## The problem
Nothing but the lines from the one containing "2601 Pinhorn Dr, Bridgewater" through the end of the data should be retyped, exactly as they stand, and pictures should not be retyped.

## Source records
※ ※ ※

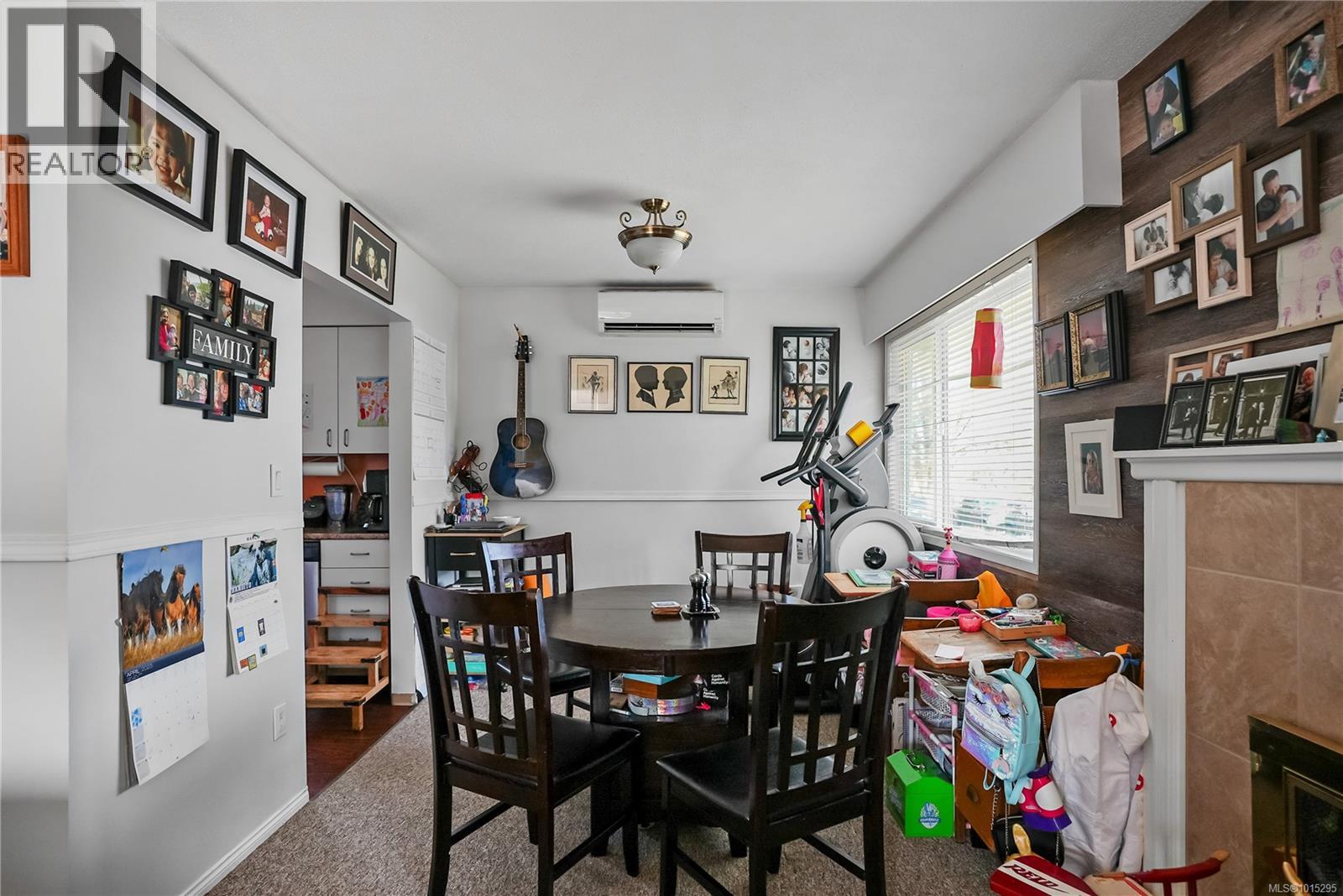 1426 Westall Ave, Victoria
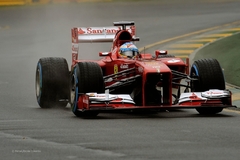 F1 tehnika: Zytek motori, Ferrari antispārns, Sauber degvielas tvertne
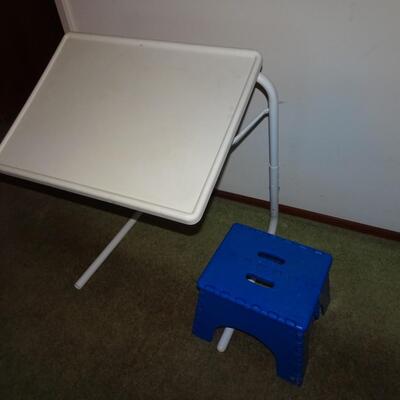 LOT 503. FOLDING TABLE/TV TRAY AND STOOL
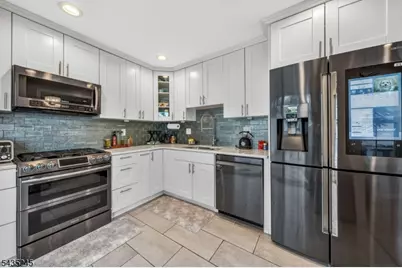 2601 Pinhorn Dr, Bridgewater Twp., NJ 08807 - Photo 11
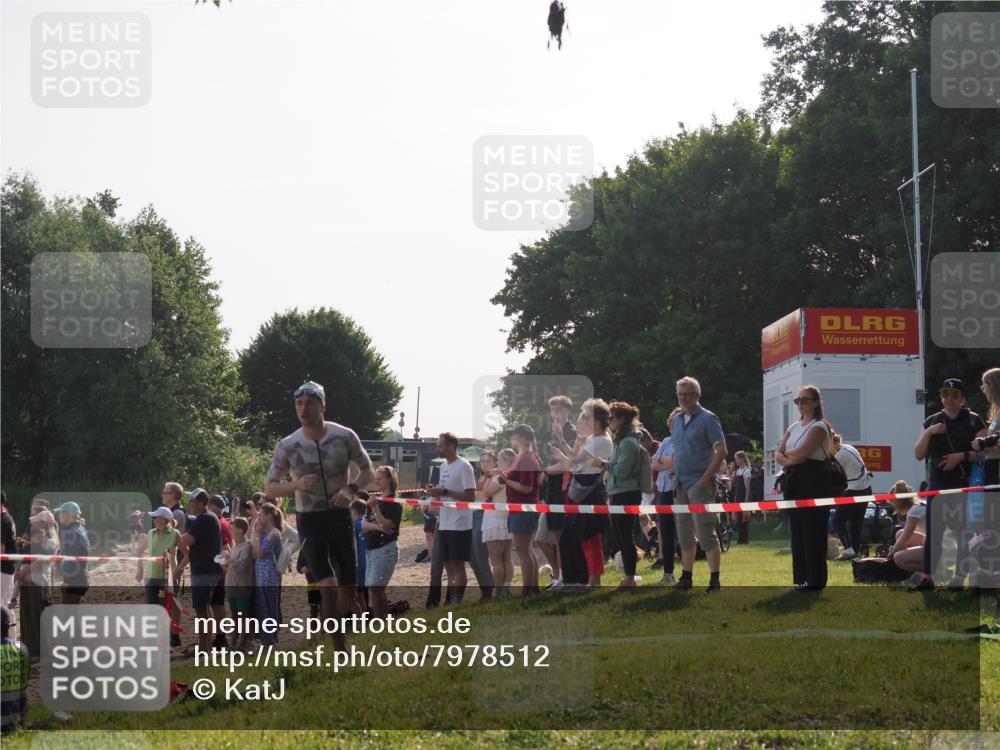 15.06.2025 - 27. Vierlanden-Triathlon KatJ http://msf.ph/oto/7978512 15.06.2025 08:40:35 Schwimmen 7 meine-sportfotos.de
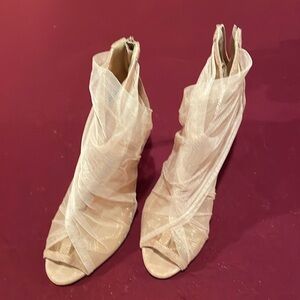 Kenny Loves Penny Skylar 11 M 4 1/2” Heels Beige Back Zipper Textile Upper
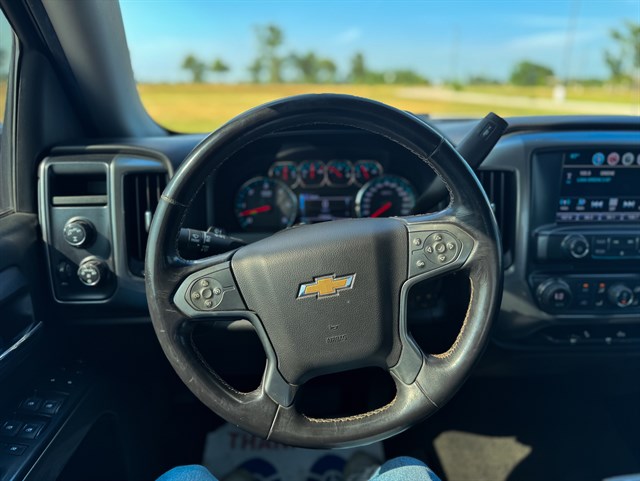 Chevrolet Silverado photo 6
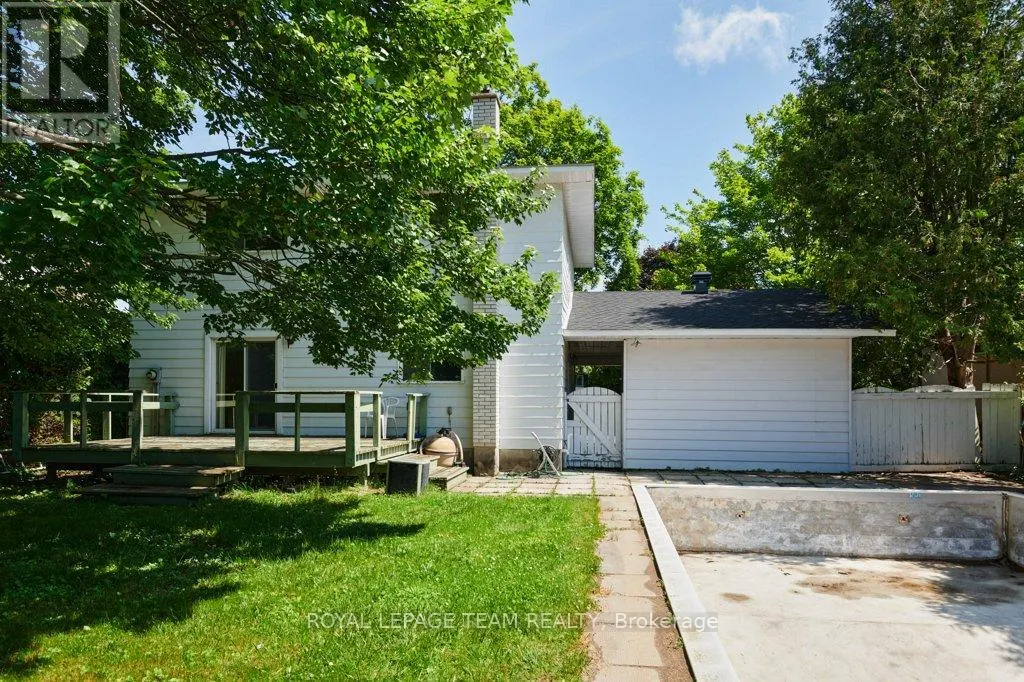 16 KEEWATIN CRESCENT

※ ※ ※

## Exercise output
 2601 Pinhorn Dr, Bridgewater Twp., NJ 08807 - Photo 11
 15.06.2025 - 27. Vierlanden-Triathlon KatJ http://msf.ph/oto/7978512 15.06.2025 08:40:35 Schwimmen 7 meine-sportfotos.de
 Kenny Loves Penny Skylar 11 M 4 1/2” Heels Beige Back Zipper Textile Upper
 Chevrolet Silverado photo 6
 16 KEEWATIN CRESCENT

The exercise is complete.